#### [Excerpted data]
- - - - -
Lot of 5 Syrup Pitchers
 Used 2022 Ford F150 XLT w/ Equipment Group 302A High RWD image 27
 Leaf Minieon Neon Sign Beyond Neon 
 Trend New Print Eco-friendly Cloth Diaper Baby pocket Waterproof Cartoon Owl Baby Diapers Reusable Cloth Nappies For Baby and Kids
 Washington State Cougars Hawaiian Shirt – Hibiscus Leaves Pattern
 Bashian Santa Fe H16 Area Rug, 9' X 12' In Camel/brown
- - - - -
#### [Requirement]
Print out the whole listing, with every line exactly as it appears.

#### [Answer section]
Lot of 5 Syrup Pitchers
 Used 2022 Ford F150 XLT w/ Equipment Group 302A High RWD image 27
 Leaf Minieon Neon Sign Beyond Neon 
 Trend New Print Eco-friendly Cloth Diaper Baby pocket Waterproof Cartoon Owl Baby Diapers Reusable Cloth Nappies For Baby and Kids
 Washington State Cougars Hawaiian Shirt – Hibiscus Leaves Pattern
 Bashian Santa Fe H16 Area Rug, 9' X 12' In Camel/brown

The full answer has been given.